September 17, 2022

When Florida Gov. Ron DeSantis lured migrants onto a plane in Texas with promises that they would find jobs and work papers in Boston, then dropped them in Martha’s Vineyard, he was echoing an earlier history that shows exactly who he is. Massachusetts state Sen. Julian Cyr immediately identified the similarities to the “reverse freedom rides” of the early 1960s, when segregationist politicians in Arkansas and other southern states bused Black families north to make a political point. That ugly history is very much at play as Republican politicians today bus and fly migrants to Illinois, New York, Washington, D.C., and now Martha’s Vineyard.

“For many years, certain politicians, educators, and certain religious leaders have used the white people of the South as a whipping boy, to put it mildly, to further their own ends and their political campaigns,” Amis Guthridge, one of the architects of the reverse freedom rides, is quoted in an in-depth 2019 piece by Gabrielle Emanuel at GBH News. “We’re going to find out if people like Ted Kennedy … and the Kennedys, all of them, really do have an interest in the Negro people, really do have a love for the Negro.”

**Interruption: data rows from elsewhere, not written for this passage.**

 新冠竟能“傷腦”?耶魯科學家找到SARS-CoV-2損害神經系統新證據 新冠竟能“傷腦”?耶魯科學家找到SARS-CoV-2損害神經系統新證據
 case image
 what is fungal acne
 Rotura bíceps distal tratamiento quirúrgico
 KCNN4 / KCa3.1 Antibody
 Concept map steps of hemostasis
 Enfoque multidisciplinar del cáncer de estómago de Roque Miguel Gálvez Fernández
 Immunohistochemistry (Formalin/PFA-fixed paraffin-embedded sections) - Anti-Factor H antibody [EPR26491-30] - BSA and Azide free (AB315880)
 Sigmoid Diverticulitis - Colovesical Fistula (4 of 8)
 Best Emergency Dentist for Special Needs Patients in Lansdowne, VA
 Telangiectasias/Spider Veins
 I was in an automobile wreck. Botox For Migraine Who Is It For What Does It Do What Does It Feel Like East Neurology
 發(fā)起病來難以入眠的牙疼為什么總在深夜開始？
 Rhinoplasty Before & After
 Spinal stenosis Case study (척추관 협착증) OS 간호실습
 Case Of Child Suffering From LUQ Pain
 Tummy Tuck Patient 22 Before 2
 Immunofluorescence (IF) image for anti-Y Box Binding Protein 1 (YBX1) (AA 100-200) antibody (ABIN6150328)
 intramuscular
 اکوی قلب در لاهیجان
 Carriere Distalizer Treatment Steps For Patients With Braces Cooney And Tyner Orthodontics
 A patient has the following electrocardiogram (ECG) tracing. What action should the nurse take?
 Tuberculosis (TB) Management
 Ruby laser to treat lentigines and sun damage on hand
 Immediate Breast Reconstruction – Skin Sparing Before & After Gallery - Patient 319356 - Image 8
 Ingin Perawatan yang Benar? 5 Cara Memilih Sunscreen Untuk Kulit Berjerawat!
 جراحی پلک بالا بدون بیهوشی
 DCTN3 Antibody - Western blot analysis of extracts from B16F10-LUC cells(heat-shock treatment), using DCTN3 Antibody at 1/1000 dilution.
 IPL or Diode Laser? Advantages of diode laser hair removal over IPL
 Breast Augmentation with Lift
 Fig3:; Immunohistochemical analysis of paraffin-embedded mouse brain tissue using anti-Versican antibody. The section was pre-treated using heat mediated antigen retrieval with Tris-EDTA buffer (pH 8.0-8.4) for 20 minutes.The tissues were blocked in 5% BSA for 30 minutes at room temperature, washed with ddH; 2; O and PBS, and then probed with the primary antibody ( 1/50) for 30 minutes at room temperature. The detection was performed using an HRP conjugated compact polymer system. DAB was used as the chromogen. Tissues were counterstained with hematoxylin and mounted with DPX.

Hundreds of Black people, mostly from Arkansas and Louisiana, were misled or, in some cases, coerced onto buses north, ending up in states from California to New Hampshire. But the largest number, nearly 100, were sent to Hyannis, Massachusetts. Because when Amis Guthridge said, “We’re going to find out if people like Ted Kennedy … and the Kennedys, all of them, really do have an interest in the Negro people, really do have a love for the Negro,” he was intending to send people literally to the Kennedys’ doorstep, or anyway to the bus stop closest to where the Kennedys spent their summers, telling them they would meet President John Kennedy when they arrived.

Now, we’ve got Ron DeSantis lying to migrants and sending them to where former President Barack Obama vacations in the summer. It’s eerie how the racists of today are replaying a largely forgotten campaign of the racists of the past.

Compare that quote from Guthridge decades ago with this one from DeSantis on Thursday: “Every community in America should be sharing in the burdens. It shouldn’t all fall on a handful of red states,” he told reporters. Other states “don’t like it as much when you get just a small, small, small amount compared to what these folks have dealt with in Texas and in other states.”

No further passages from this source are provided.